Interpretation of DA results is limited by the potential for erroneous conclusions due to 1) the increased chance of declaring statistical significance when analyzing large samples or making multiple comparisons, and 2) many potential sources of bias. DA conducted on large safety datasets can yield erroneous conclusions that appear statistically significant due to the high volume of data and the number of comparisons being made. The findings may be a result of random variation rather than a true signal. In addition, researchers often fail to account for confounders. Many drugs are widely prescribed for a range of conditions, often to individuals with underlying comorbidities or advanced age. These factors might independently increase the risk of a reported AE but may be unaccounted for in the analysis, often because they are missing in the data source. As a result, SDRs have low yield in identifying clinically actionable safety findings when presented in isolation (Loke et al., 2024), without the broader context of a full signal evaluation (Hammad et al., 2023).
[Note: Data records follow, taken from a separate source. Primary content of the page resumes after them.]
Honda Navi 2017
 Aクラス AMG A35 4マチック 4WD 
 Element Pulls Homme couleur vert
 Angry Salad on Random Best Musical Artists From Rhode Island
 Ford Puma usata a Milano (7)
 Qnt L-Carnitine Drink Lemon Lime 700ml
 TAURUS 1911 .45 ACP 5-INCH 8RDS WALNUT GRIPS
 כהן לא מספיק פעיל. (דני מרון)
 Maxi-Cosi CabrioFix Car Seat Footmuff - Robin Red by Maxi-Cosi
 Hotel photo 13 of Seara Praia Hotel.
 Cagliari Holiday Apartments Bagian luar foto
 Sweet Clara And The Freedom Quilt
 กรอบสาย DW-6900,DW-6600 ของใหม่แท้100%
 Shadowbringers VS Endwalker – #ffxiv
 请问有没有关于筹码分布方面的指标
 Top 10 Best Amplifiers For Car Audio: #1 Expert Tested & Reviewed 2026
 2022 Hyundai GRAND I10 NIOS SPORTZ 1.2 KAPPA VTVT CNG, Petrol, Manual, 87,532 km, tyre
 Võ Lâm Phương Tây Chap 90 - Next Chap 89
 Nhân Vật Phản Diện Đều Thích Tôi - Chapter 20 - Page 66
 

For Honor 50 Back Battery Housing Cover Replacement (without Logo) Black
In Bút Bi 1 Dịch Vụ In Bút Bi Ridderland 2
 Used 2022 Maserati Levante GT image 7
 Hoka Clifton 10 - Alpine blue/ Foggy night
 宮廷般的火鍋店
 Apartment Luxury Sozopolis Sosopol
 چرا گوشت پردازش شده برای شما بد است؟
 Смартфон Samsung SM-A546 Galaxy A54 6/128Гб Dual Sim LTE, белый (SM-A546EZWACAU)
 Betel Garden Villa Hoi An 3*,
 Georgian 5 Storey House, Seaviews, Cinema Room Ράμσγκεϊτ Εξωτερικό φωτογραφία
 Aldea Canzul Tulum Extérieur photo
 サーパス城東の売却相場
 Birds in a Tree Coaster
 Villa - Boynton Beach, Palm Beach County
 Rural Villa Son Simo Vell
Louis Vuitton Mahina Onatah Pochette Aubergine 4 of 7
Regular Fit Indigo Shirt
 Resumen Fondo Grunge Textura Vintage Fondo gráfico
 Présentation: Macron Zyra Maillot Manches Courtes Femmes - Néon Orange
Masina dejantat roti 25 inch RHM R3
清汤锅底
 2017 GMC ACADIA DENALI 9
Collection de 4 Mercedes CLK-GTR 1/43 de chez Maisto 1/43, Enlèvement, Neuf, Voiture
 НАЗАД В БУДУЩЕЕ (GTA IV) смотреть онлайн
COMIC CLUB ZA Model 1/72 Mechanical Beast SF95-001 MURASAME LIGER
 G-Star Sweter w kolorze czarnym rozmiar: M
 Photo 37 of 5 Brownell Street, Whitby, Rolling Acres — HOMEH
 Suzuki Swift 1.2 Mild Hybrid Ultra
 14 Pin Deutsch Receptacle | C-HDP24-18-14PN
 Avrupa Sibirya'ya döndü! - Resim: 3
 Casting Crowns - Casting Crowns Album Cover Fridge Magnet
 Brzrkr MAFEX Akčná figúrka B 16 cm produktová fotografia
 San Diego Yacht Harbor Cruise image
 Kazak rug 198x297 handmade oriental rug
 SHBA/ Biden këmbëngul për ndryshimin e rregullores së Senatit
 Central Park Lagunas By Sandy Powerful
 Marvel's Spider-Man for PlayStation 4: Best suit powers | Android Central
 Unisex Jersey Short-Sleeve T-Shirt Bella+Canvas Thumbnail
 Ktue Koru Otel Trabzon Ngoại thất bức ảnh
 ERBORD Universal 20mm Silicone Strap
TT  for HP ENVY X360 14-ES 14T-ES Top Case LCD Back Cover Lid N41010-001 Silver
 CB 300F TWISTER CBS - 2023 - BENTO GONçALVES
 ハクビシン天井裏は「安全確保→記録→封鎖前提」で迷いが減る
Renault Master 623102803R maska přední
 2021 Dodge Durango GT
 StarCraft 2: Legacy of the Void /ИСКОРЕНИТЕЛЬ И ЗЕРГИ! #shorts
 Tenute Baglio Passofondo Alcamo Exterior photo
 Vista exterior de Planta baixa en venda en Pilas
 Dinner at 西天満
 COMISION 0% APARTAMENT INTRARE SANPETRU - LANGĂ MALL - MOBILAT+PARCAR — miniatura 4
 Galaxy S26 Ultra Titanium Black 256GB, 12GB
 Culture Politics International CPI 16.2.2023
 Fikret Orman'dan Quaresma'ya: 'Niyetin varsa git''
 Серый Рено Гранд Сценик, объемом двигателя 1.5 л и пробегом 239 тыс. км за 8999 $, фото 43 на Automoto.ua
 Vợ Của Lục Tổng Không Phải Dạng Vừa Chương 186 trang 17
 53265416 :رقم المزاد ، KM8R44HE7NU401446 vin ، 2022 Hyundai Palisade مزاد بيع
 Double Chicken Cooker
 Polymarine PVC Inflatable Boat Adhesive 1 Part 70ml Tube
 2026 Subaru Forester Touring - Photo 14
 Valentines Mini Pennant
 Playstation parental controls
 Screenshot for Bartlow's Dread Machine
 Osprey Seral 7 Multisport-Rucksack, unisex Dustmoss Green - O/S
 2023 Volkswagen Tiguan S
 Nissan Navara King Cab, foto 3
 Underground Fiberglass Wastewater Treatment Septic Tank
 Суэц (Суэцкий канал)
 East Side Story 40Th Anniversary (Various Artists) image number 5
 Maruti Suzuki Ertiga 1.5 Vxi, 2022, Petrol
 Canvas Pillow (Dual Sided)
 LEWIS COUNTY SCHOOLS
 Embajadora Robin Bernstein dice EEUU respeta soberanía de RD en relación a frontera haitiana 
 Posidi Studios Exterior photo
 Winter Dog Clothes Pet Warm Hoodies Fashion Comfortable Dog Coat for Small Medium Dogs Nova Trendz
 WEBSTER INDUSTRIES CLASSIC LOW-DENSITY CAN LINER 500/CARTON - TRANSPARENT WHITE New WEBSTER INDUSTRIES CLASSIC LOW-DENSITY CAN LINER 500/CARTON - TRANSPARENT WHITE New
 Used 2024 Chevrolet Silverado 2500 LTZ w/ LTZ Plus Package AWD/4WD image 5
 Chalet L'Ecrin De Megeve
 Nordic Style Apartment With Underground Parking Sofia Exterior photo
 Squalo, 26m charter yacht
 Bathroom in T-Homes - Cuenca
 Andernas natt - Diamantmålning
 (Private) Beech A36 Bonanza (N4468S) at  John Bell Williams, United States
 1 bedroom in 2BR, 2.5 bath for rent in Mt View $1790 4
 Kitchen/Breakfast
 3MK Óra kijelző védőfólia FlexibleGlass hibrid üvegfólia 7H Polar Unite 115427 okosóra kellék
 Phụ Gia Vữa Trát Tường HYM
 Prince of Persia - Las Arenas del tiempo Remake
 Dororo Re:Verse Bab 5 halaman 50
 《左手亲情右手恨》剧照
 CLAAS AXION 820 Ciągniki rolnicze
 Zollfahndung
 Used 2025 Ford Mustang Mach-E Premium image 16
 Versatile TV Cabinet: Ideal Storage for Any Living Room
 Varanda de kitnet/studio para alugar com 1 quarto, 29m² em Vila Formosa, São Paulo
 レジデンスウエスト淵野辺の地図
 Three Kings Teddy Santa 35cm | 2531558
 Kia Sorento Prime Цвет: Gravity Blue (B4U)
A notable instance of a false-positive signal involves the association between statins and amyotrophic lateral sclerosis (ALS). Early DA indicated a disproportionate number of ALS reports among statin users, raising concerns about a potential link (Edwards et al., 2007). However, FDA investigation (Colman et al., 2008) as well as subsequent epidemiological studies (Chang et al., 2021), found no increased risk of ALS with statin use, demonstrating that the initial signal was false.

Another example of a disproportionality analysis (DA) yielding a false-positive signal involves the association between sodium–glucose cotransporter-2 (SGLT2) inhibitors and acute kidney injury (AKI). Initial pharmacovigilance studies utilizing DA suggested an increased risk of AKI among users of SGLT2 inhibitors (Perlman et al., 2017). However, incorporating active-comparator design in DA, there was no safety signal for AKI, in effect the approach enhanced the robustness of signal detection by reducing the effect of confounding and channeling bias (Alkabbani and Gamble, 2023). Additionally, subsequent robust studies collectively demonstrate that the initial safety signal suggesting an association between SGLT2 inhibitors and AKI was not supported. On the contrary, SGLT2 inhibitors may offer a protective effect against AKI (Menne et al., 2019; Pasternak et al., 2020; Alkabbani et al., 2021; Zhuo et al., 2022). More specifically, disproportionality analysis estimators are subject to biases that can impact drug safety signal detection. Key biases include signal leakage, confounding by indication, and competition bias (masking). Signal leakage occurs when a drug-event combination is mistakenly flagged as a safety signal, even though the AE is actually caused by a co-administered drug. Confounding by indication arises when the AE is linked to the underlying disease being treated or a related comorbidity rather than the drug itself. Competition bias happens when newer drugs with similar indications or mechanisms, and a stronger association to the AE, mask signals for the older drugs. These biases highlight the complexities in interpreting disproportionality analysis (Gravel and Douros, 2023).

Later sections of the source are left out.